There are two main tenets that we should focus on when researching a company to invest in.
The first one, emphasised by quantitative analysts are the numbers behind the business. These include profitability, balance sheet or cash flow. The other, which is less easily quantifiable, is the qualitative aspect of the business. These can be in the form of a company’s business model, management or operational risks.
Both these aspects of the business are important before any investment decisions can be made.
However, many investors often overlook the intangible aspects of a good business. In reality, these can mean the difference between a good investment and a great investment. Because intangibles are hard to quantify – and are not usually expressed explicitly in the financial statements – it easy for investors to miss them.
Here, then, are three undervalued intangibles in a business.
Warren Buffett famously said that he looks for companies with a deep economic moat that gives it a competitive advantage.
One way that companies can achieve this is by building a brand that has a strong reputation amongst its consumers. This can create customer loyalty and prevent it from being disrupted by competitors looking to muscle their way into the industry.
I have written an in depth analysis on why we should not overlook brand value.
A strong Research and Development team
“The impact of this sort of thing (research and development) on investment can hardly be over-stated.” –Philip Fisher, Author of Common stocks and Uncommon Profits
Even though companies often report their research and development expenses in their financial statements, it is often hard to quantify whether the research will be profitable.
In spite of this, investors need to realise the importance of continuous research and improvements in any industry.
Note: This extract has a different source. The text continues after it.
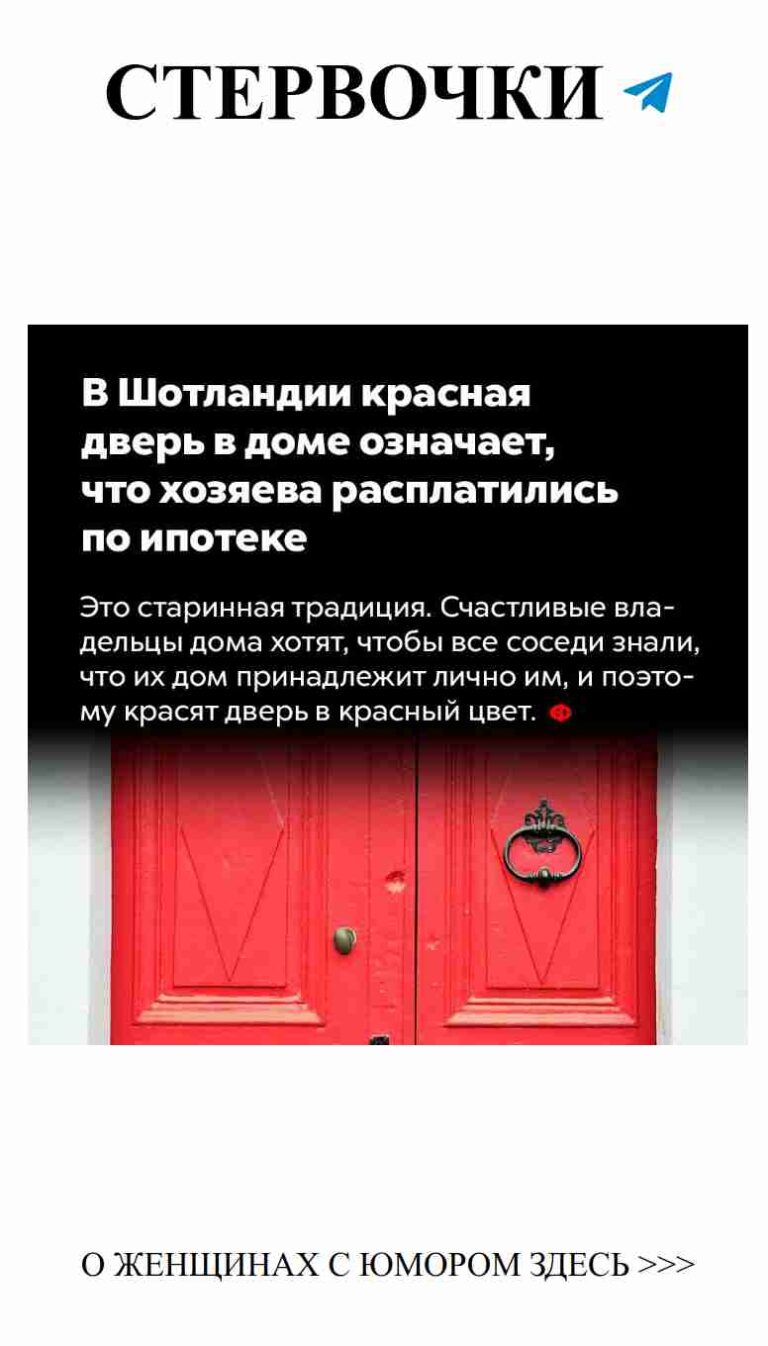 Смешные факты о любви и загадочные черные кошки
Companies that emphasise building for the future are more likely to succeed in the longer term. The best way to grasp the strength or cost efficiency of their research team is to look for a sustained history of new developments and improvements.
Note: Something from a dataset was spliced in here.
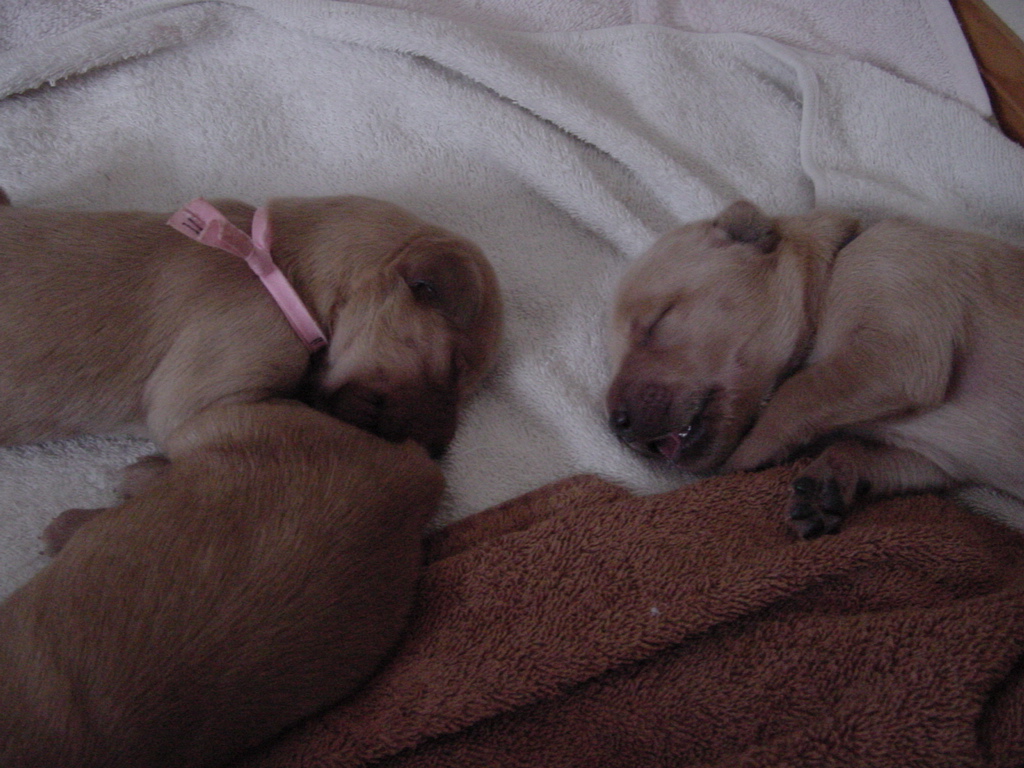 Day 5, closeup of three puppies sleeping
A happy and committed work force
It is easy to overlook how a happy work force can impact the profitability of a business. But sociologist, have, in fact, found a tangible connection between employee engagement and happiness with the success of a business.
Companies that can create a work environment that keeps employees happy and engaged, not only attract the top talent, but also have higher efficiency and productivity.
This can have a very real impact on the performance of the company’s stock as well. A study looking at Fortune’s “Best Companies to Work For” found that companies that made this list consistently outperformed their counterparts in the stock market.
The Foolish bottom line
In an era where quantitative analysis has taken the upper hand and investors mull over the numbers of a business, it easy to overlook the value of intangible aspects of a company.
Yet, recent data has shown that companies that are strong in this department, will, in fact, have an obvious edge over their counterparts. As investors, we should never underestimate the importance of the intangible aspects of a company, or we might miss out on great investments in the future.